It’s bittersweet to read through the comments left the other day by former students. On the positive side, it’s good to know that I’ve reached so many people on an efficacious level. On the negative, it breaks my heart to know that the system is breaking the spirit of so many like me. I’ve given everything I have to this profession, and it feels like all I’ve gotten in return is a demand for more. For someone like me, who has endured my share of hardships, it’s hard to feel defeated. I’m simply not accustomed to it, but for now, the bureaucrats have won. I’ve fought the good fight for as long as I can.
My focus and energy have to turn to something else. Right now, the frustrations of fighting against the business model are wearing me to a nub. I’m hoping against hope that this momentum I’m seeing on Amazon is real. I’m hoping against hope that the dam is about to burst, and The Brotherhood of Dwarves series is finally reaching a broad audience, but it’s still too early to tell. All I know is that something has to give. I can’t continue to live on substandard wages at executive hours, battling students and administration for respect. I can’t continue feeling like a second-class citizen, devoid of any say in my day-to-day life, devoid of any voice in the process.

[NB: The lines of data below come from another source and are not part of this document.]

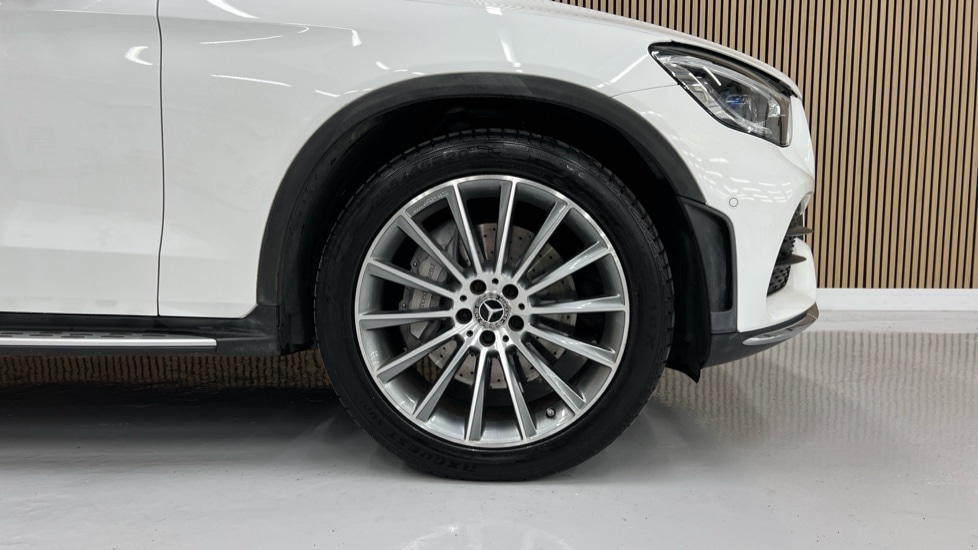 Used Mercedes-Benz GLC 2020 for sale - 76635573: Photo 5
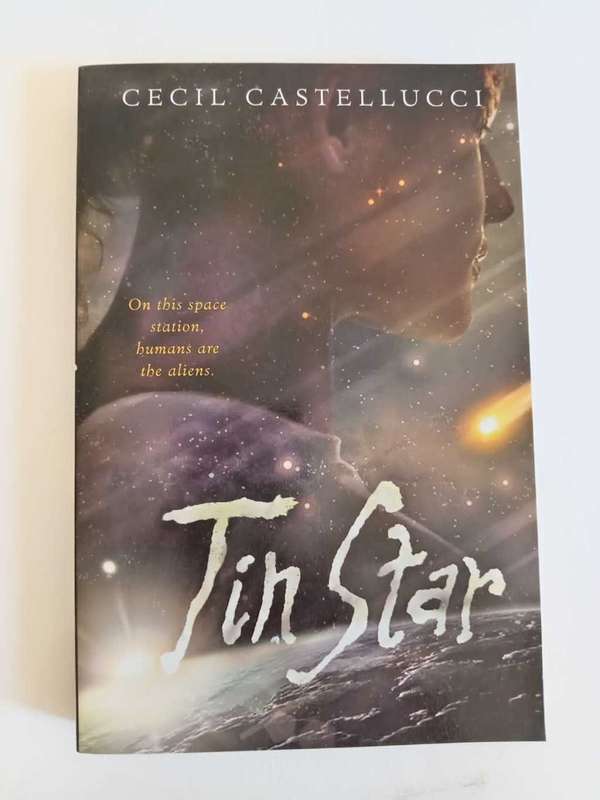 Cecil Catellucci - Tin Star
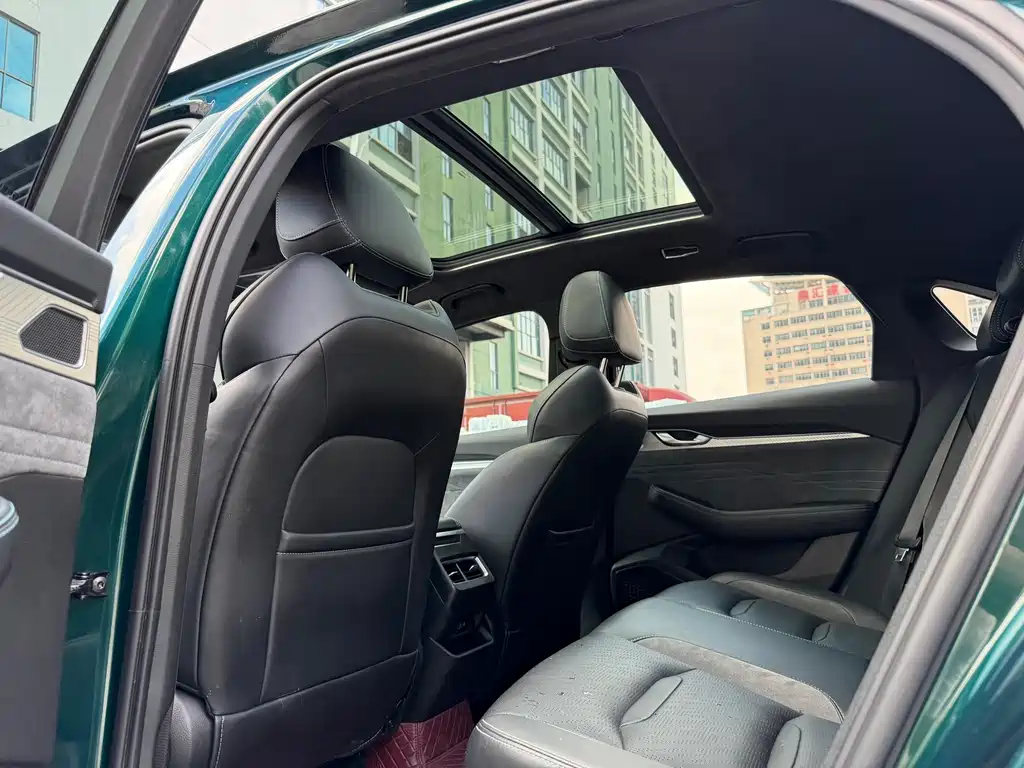 Geely Xingrui — миниатюра 8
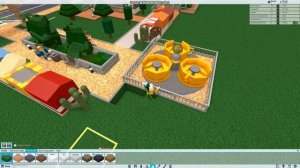 РОБЛОКС ПАРК АТТРАКЦИОНОВ. Theme Park Tycoon 2 ROBLOX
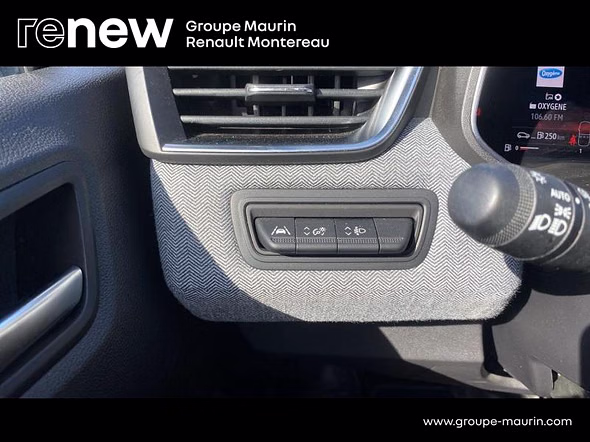 RENAULT Clio 1.6 E-Tech 145ch full hybrid Techno - 24 - Miniature 16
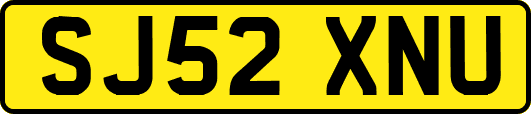 SJ52XNU
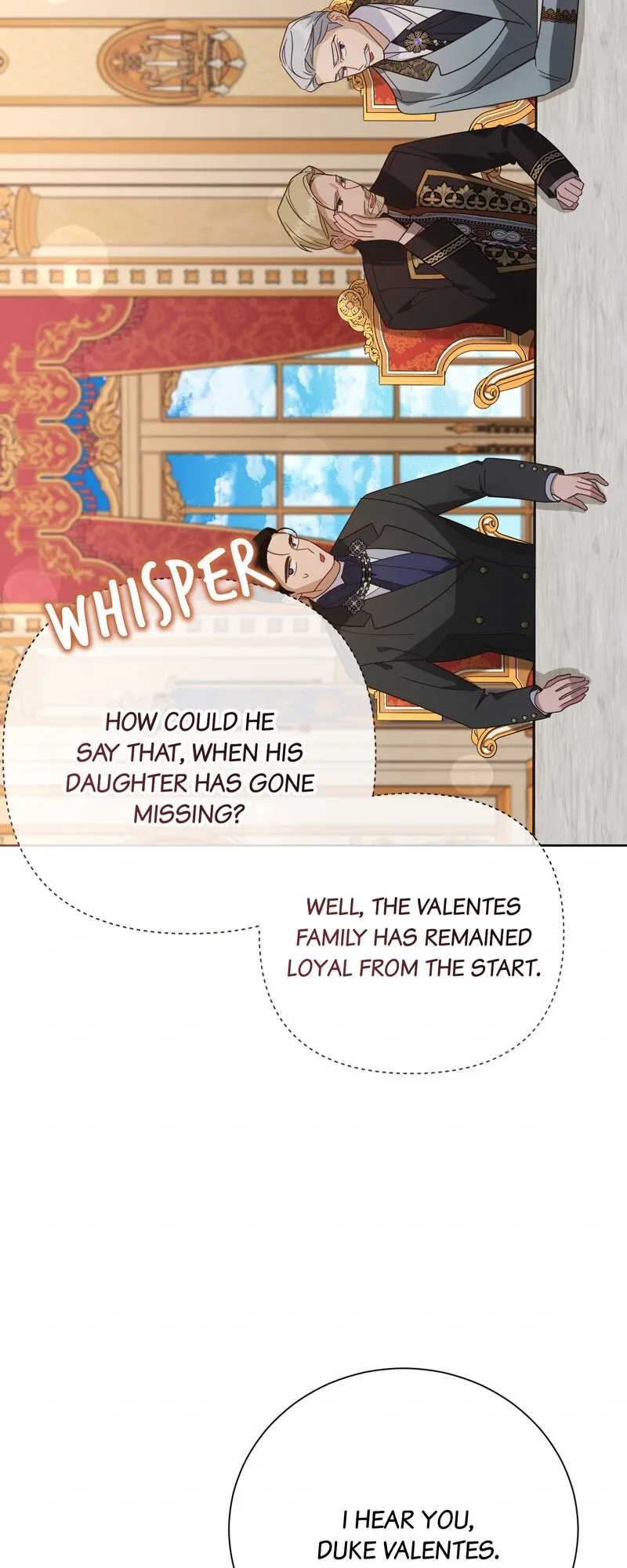 Until the Real One Shows Up Chapter 71 page 8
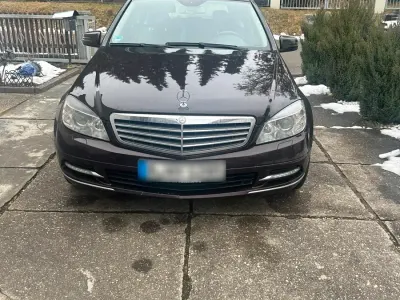 Gebraucht Mercedes C220 170 PS (125 kW) 2011 Braun Kombi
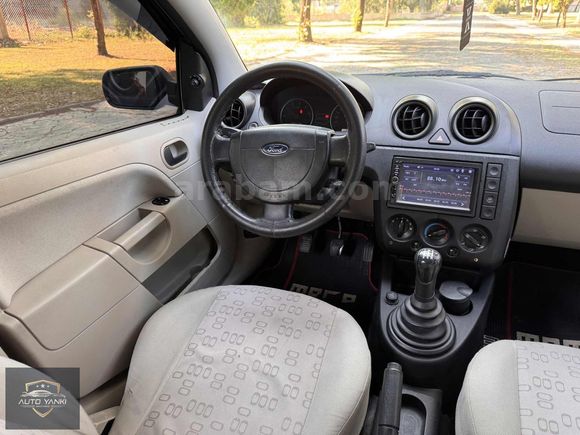 Auto Yankı'dan Fiesta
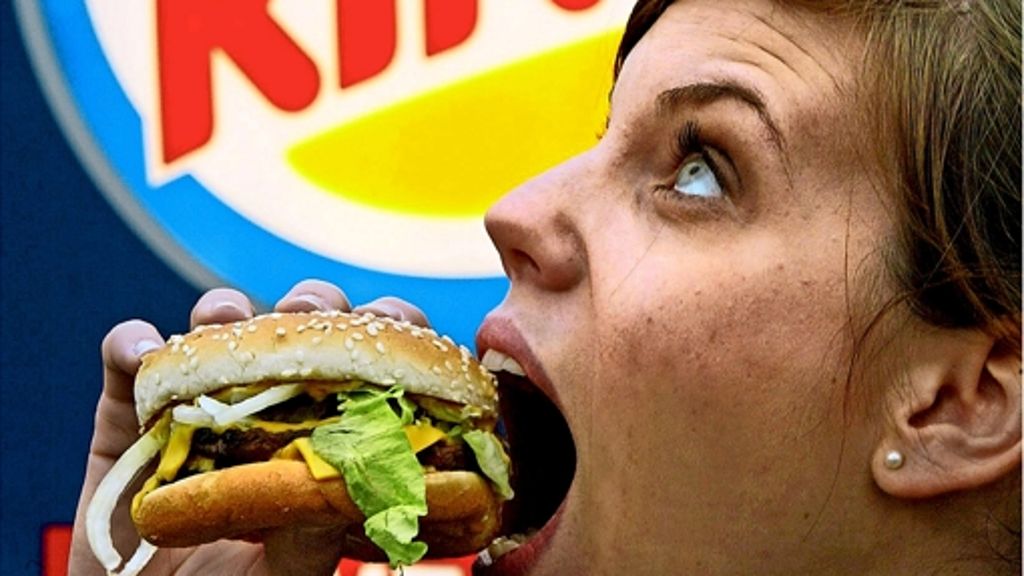 Burger King gegen Yi-Ko: Der bissige  Burger-Krieg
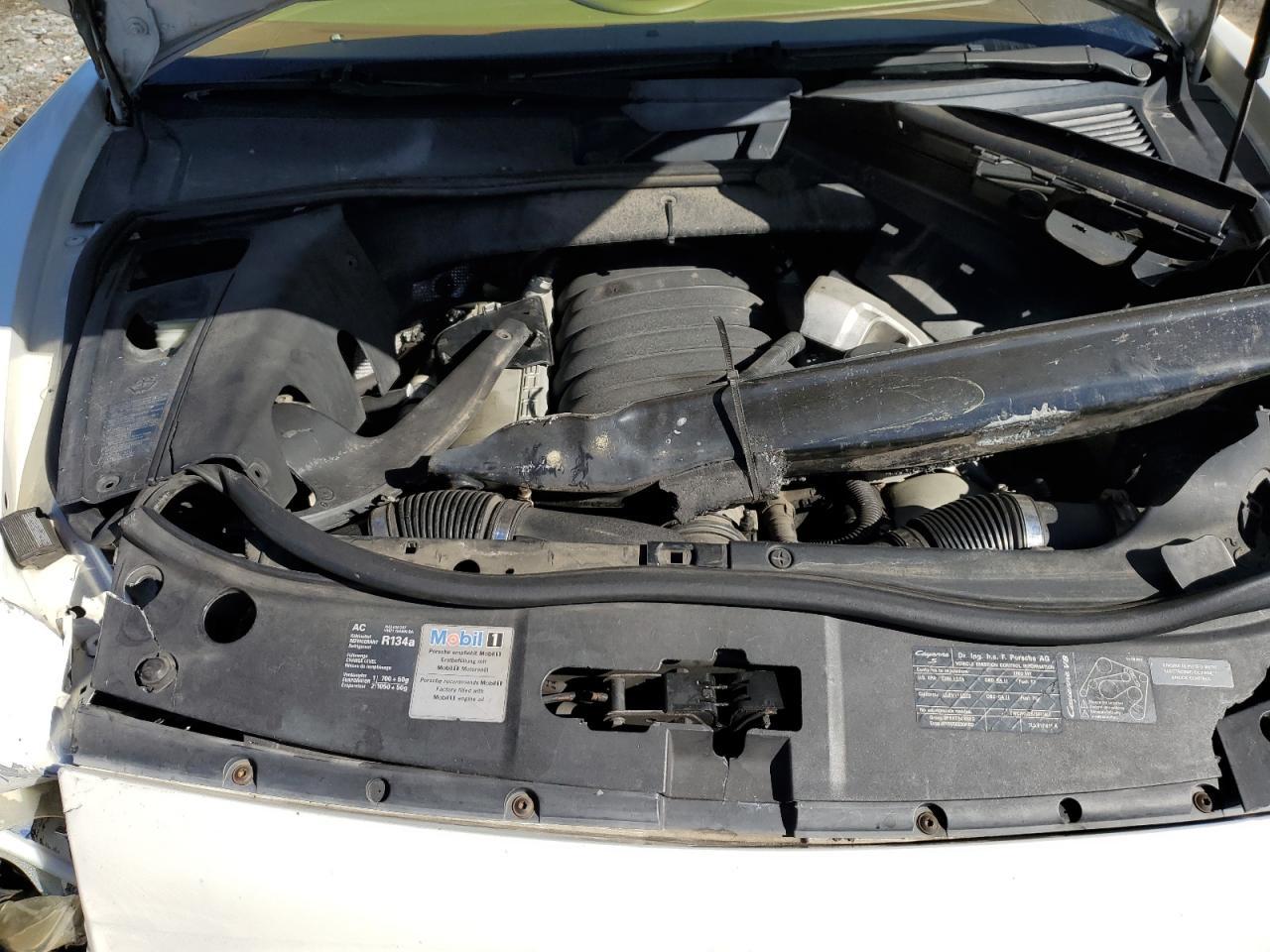2008 PORSCHE CAYENNE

At heart, I’ve always considered myself a writer first, teacher second. I’ve always believed that eventually the books would find their audience, and maybe that day is close, but even if it isn’t, my time in education is near an end. I won’t be part of the business model, the entertain-them-over-educate-them paradigm that seems so en vogue of late. I won’t make students happy for the sake of keeping them paying tuition. I won’t pass students along; I won’t give them video games and coloring books as assignments. If I can’t teach the proper way, I’ll do something else, anything else, with my life, but I will not perpetrate a fraud on my students or the public by pretending to teach them writing while shoving nonsense down their throats.